Richard Fine has an excellent blog post discussing why it's time to stop using Subversion. I was struck by the similarities between his reasons for leaving SVN in the dust and mine:
- committing == publishing
- reliance on a central server
- filesystem operations
It's worth reading his comments on each, and I wondered if he and I ended up switching to the same VCS - and if so, whether we did so for the same reasons. Well, it turns out to be the case: Richard is now using Git, but was initially wary:
When I first heard about Git, I didn’t really get it. Distributed version control seemed like a really bad idea – who’s copy of the code is authoritative? If bugs are logged against a particular build, how do you track down the code that was used to create it?
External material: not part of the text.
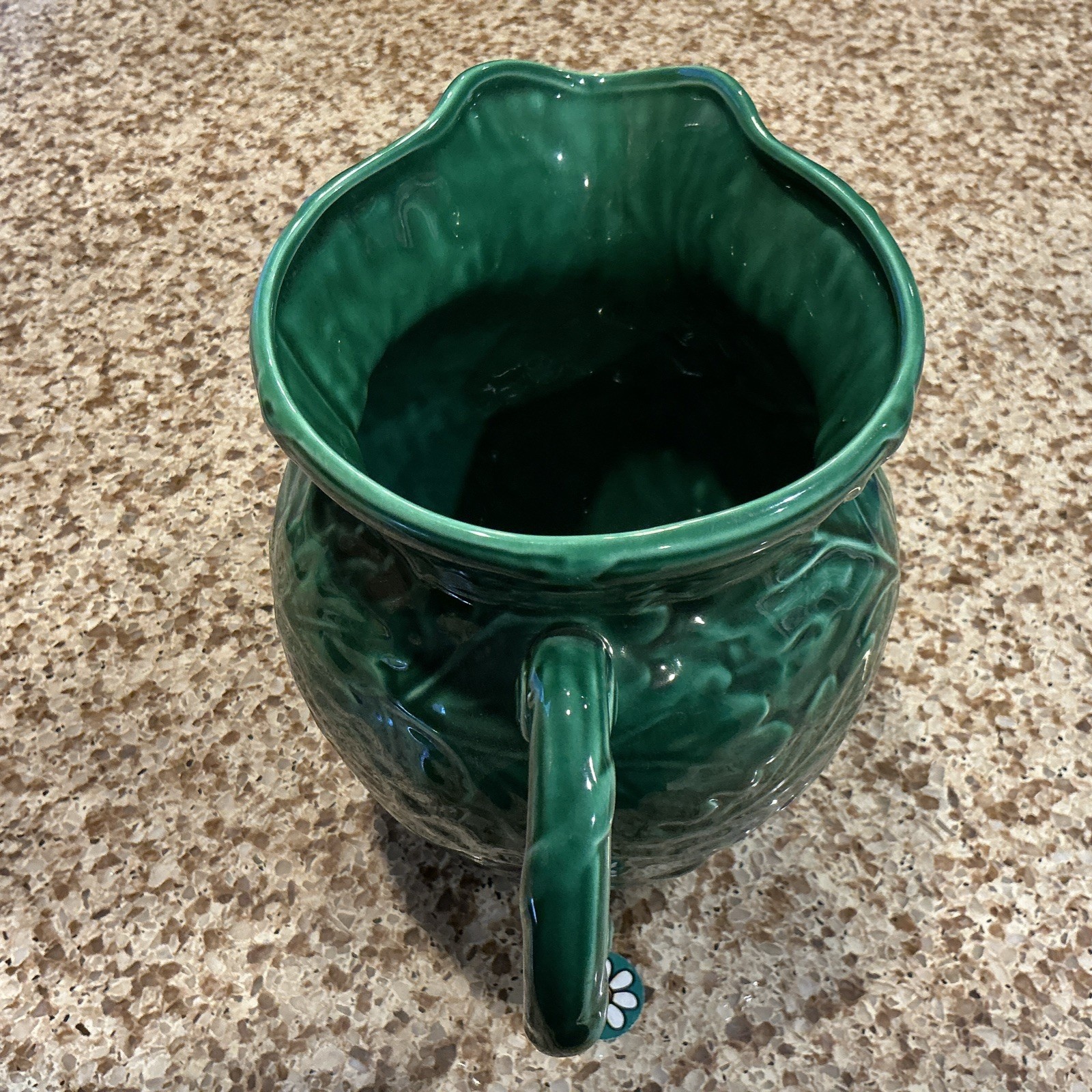 MAJOLICA GREEN 7.75” PITCHER BY SHAFFORD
The loss of things like sequential revision numbers seemed like a big drawback. And branching wasn’t something I ever used in Subversion, so I didn’t see why I should care about it in Git.
When I first picked up Git, I didn't understand how a distributed system worked. As unhappy as I was with relying on a central Subversion server, I didn't see how exchanging patches between peers would work well, and I didn't understand how an authoritative repository emerged from the network of peers. Well, I've gotten over that, and the other misgivings Richard mentions. But there was one issue I had which he doesn't mention: Subversion lets you check out part of the source tree; Git doesn't.
In the past, this capability has been really useful for setting up MediaWiki, and I imagine it would work for other web applications as well where all you really need is the tree of files. This makes upgrading trivial - svn up and run an update script and you're done, typically.
Git explicitly does not support partial checkouts. Not only that, they don't apologize for it, and fail to understand the utility. I hope this has changed recently - it looks like there might have been some movement in that direction with "shallow clone" and "sparse checkout" but it isn't clear to me that these can do what SVN used to do for this use case.
Git's interface has vastly improved since the early days, but the interface isn't the only thing that needs improvement. Explicitly supporting common use cases should be a priority as well.